[Start of Attachment]
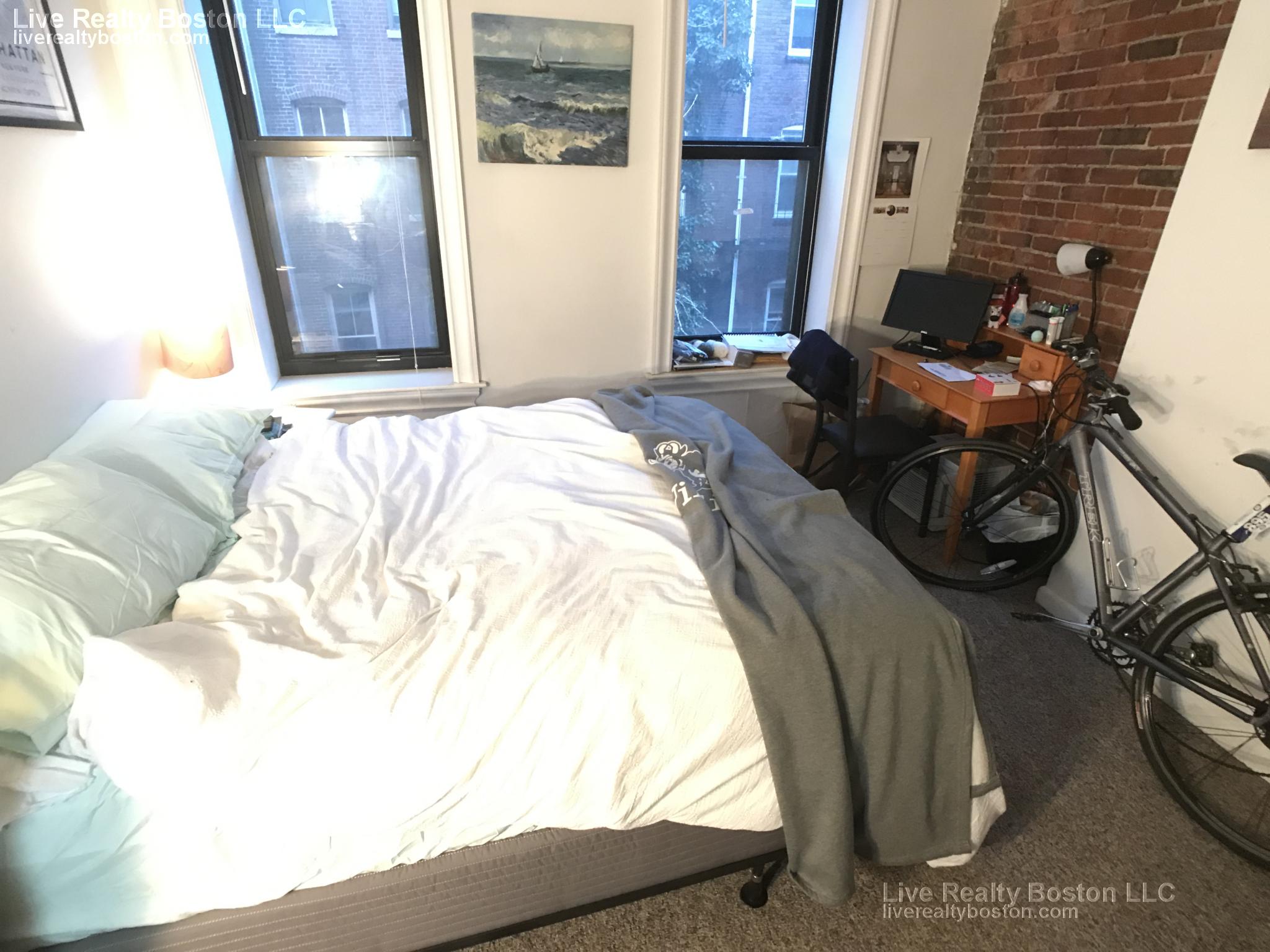 23 Cortes St, Back Bay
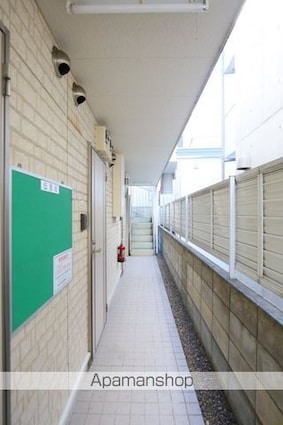 シエスタアプリコ[1R/10.01m2]のエントランス1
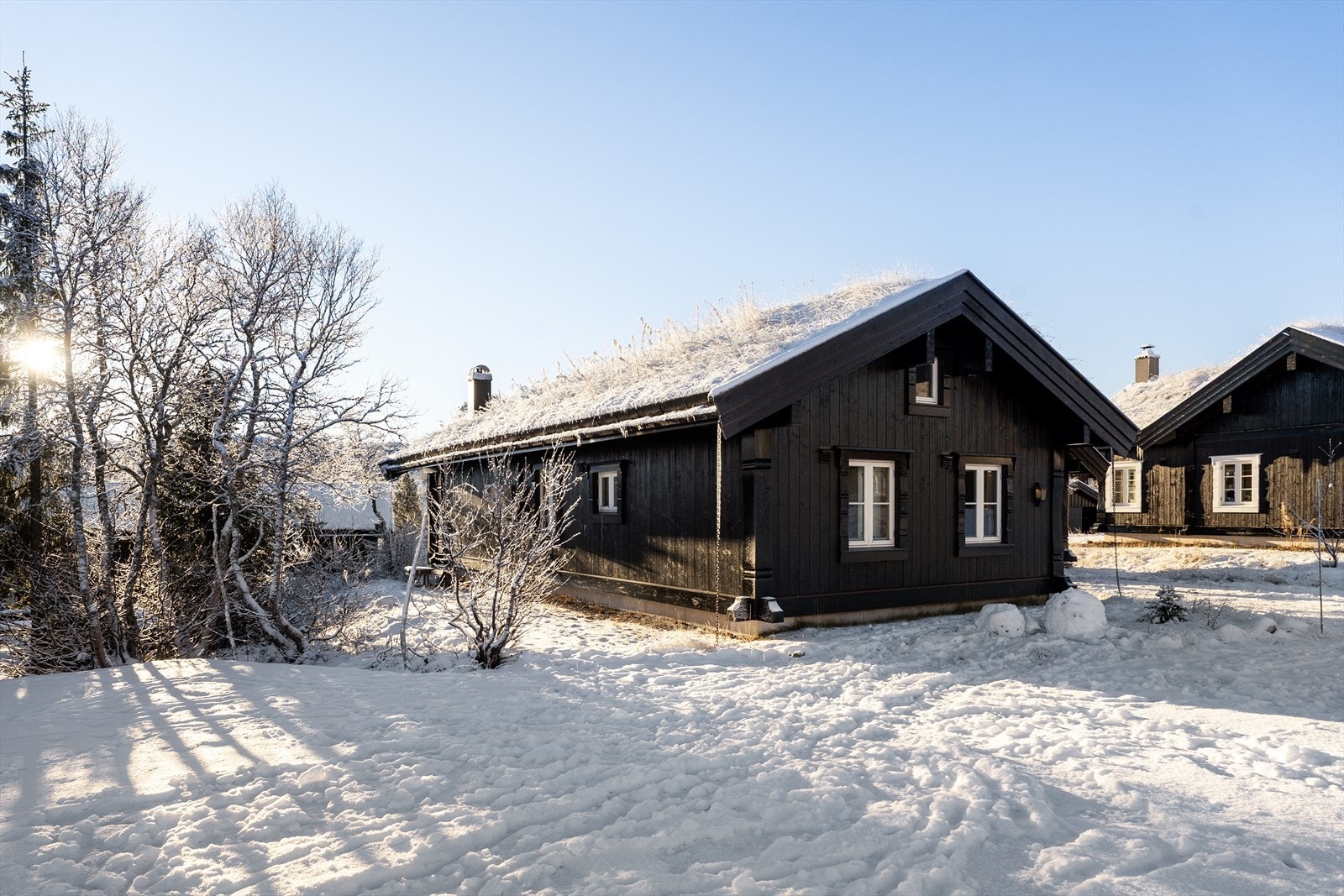 Svært gode parkeringsmuligheter på egen tomt Galleribilde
[End of Attachment]
§ **Work to complete**
Exactly the lines from the line with "シエスタアプリコ[1R/10.01m2]のエントランス1" through the end of the data are to be reproduced, and no picture is to be included.

§ **Result for this exercise**
 シエスタアプリコ[1R/10.01m2]のエントランス1
 Svært gode parkeringsmuligheter på egen tomt Galleribilde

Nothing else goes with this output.